= About this exercise =
Review the material line by line. Identify and copy every line that contains the string "Online".

>>>

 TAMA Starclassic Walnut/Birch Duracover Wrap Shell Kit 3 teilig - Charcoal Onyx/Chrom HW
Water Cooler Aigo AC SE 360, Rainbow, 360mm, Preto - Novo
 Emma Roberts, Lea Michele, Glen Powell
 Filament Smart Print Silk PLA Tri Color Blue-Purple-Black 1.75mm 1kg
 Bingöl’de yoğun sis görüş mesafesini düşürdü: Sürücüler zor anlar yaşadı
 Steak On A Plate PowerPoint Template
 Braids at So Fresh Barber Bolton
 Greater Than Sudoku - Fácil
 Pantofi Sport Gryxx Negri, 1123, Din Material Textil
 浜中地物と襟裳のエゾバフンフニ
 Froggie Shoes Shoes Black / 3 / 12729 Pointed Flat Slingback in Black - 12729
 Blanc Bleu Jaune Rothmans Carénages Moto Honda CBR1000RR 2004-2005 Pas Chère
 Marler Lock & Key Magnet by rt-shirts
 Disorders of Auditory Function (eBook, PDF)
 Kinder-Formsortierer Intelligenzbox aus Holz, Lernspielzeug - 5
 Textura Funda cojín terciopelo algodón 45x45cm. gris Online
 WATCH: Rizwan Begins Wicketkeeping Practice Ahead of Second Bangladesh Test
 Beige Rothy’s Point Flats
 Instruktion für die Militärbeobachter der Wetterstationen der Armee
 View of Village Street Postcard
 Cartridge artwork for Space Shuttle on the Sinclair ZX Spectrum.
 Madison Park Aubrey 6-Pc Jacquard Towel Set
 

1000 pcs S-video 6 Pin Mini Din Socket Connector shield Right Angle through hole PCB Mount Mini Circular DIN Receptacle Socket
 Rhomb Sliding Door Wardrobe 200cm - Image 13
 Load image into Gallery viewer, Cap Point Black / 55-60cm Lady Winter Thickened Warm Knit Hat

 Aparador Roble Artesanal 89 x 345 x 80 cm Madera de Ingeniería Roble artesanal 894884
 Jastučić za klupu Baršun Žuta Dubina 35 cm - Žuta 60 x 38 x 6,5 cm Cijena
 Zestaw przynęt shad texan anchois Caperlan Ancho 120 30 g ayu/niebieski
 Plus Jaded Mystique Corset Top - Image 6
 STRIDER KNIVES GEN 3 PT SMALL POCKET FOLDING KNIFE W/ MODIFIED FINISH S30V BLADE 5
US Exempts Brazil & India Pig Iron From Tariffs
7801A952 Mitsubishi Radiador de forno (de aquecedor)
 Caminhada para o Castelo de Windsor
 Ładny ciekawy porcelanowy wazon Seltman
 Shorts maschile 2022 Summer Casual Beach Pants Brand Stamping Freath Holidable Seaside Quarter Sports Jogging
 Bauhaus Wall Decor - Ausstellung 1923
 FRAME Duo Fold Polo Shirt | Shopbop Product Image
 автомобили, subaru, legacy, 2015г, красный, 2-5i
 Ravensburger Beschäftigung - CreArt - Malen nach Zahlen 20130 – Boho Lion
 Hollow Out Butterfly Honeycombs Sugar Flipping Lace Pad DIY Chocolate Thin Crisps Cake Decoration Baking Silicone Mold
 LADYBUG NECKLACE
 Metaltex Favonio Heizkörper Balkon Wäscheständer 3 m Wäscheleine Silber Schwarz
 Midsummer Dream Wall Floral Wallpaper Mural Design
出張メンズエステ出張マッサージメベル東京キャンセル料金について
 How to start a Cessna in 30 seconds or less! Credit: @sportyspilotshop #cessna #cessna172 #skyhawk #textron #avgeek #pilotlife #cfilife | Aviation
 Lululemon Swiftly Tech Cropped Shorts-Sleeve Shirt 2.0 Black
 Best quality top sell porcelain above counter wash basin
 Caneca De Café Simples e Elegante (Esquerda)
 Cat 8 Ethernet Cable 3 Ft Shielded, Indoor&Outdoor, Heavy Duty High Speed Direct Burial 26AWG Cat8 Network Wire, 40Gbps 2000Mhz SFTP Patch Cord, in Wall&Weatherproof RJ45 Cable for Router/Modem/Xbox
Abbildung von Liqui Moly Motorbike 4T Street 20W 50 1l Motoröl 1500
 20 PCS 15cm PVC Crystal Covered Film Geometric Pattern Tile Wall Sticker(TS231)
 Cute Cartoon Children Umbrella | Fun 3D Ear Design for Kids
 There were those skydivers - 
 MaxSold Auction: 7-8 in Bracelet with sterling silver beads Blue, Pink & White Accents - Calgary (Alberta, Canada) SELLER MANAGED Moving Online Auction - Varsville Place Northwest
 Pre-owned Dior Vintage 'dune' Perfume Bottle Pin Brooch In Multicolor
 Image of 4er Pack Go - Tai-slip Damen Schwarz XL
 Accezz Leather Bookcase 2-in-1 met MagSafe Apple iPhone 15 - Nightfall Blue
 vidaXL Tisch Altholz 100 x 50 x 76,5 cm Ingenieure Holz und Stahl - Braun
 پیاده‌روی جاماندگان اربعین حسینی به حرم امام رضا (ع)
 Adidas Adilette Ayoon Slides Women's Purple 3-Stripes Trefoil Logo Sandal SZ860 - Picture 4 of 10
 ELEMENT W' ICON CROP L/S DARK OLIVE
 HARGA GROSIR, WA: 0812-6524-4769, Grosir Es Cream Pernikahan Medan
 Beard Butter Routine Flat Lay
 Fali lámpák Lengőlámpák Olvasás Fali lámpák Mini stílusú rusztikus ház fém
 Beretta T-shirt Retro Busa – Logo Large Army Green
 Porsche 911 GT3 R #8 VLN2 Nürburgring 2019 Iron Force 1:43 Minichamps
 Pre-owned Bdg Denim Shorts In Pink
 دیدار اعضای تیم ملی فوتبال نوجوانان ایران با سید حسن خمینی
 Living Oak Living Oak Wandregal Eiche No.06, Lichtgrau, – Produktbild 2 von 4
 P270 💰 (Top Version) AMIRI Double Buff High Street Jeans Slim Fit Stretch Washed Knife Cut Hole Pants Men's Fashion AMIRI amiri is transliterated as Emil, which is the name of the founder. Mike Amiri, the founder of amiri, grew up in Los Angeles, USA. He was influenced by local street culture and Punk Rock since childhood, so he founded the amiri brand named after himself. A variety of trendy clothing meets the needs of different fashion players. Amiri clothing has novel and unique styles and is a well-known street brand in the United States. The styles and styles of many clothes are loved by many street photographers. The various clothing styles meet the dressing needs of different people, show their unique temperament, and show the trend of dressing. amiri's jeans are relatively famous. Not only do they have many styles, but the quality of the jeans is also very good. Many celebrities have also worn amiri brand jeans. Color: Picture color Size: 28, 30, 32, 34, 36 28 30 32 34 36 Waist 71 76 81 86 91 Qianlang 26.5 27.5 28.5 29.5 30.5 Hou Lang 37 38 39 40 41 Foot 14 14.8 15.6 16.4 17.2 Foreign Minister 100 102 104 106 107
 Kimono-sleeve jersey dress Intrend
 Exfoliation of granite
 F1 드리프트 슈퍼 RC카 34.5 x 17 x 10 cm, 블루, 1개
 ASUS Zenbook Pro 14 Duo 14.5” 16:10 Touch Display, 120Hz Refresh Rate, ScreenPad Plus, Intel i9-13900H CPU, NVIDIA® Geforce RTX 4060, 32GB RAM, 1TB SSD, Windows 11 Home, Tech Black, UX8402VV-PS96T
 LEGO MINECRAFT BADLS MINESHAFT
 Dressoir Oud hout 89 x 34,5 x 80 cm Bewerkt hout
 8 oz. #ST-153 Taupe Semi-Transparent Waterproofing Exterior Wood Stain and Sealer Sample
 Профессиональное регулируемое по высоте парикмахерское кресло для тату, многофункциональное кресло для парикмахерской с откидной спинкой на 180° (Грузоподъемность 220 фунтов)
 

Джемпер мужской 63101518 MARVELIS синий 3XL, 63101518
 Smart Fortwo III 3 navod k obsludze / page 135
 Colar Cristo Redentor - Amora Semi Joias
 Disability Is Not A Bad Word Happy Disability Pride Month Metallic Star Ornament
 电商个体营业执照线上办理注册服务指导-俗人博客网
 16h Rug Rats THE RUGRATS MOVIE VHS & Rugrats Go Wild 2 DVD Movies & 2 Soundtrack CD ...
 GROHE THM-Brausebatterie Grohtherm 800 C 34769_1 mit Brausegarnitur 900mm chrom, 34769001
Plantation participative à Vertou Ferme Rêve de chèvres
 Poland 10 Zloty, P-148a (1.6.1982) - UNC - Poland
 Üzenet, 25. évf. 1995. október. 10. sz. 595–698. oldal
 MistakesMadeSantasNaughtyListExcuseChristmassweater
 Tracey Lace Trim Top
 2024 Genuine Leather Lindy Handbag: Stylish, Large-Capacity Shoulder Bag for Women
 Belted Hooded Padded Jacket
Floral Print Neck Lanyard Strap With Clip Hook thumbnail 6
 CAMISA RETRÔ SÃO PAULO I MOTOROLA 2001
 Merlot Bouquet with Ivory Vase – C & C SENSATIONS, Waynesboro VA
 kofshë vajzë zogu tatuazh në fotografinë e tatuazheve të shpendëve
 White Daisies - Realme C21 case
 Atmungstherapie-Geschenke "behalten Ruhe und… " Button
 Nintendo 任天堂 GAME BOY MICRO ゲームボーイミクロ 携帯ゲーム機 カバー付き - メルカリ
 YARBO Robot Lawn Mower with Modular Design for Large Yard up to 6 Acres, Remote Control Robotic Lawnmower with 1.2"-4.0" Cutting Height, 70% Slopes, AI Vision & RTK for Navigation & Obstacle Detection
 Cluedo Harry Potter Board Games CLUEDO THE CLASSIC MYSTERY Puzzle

<<<

= Worked solution =
 Textura Funda cojín terciopelo algodón 45x45cm. gris Online
 MaxSold Auction: 7-8 in Bracelet with sterling silver beads Blue, Pink & White Accents - Calgary (Alberta, Canada) SELLER MANAGED Moving Online Auction - Varsville Place Northwest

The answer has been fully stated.